# Your task
Beginning with the line of the entries below that holds "Now select the" and ending with the line that holds "So first thing", transcribe each line exactly as written. Pictures stay out.

# Record extracts
╭──

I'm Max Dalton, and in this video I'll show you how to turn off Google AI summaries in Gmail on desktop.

╰──
╭──

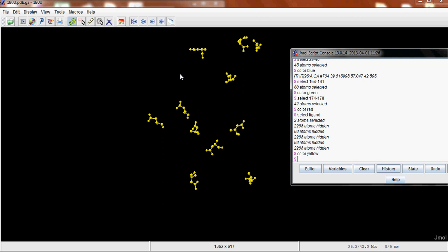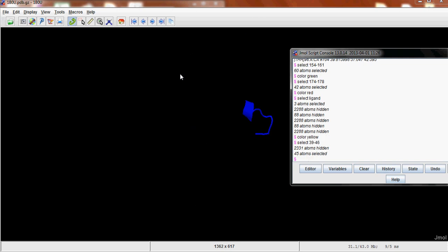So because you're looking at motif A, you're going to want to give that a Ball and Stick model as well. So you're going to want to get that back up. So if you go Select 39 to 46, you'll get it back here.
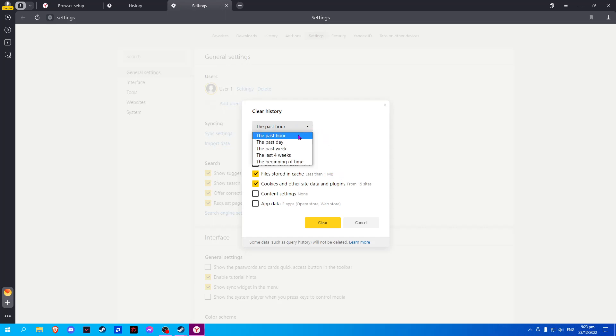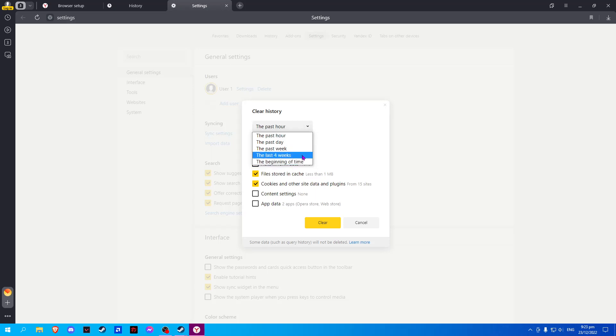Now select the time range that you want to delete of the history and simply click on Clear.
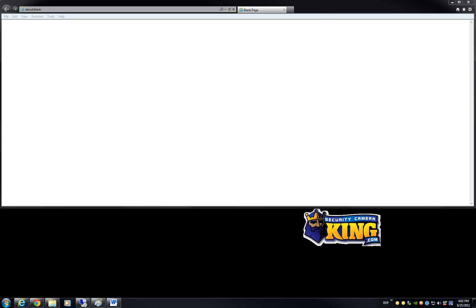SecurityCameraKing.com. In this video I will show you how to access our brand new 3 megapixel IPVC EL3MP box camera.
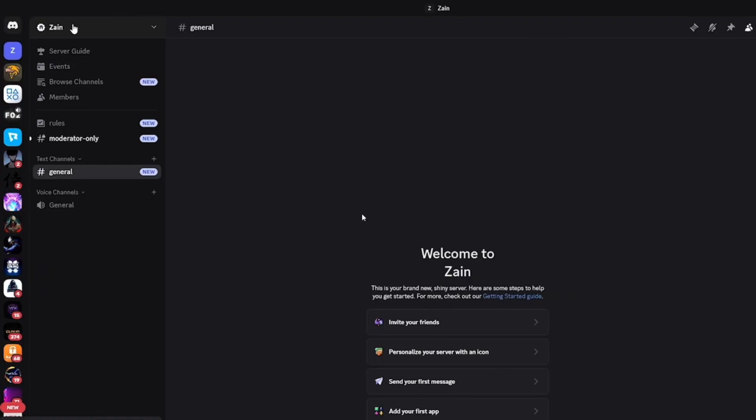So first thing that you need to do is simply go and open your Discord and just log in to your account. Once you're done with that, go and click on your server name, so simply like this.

╰──

# Solution to this exercise
Now select the time range that you want to delete of the history and simply click on Clear.
SecurityCameraKing.com. In this video I will show you how to access our brand new 3 megapixel IPVC EL3MP box camera.
So first thing that you need to do is simply go and open your Discord and just log in to your account. Once you're done with that, go and click on your server name, so simply like this.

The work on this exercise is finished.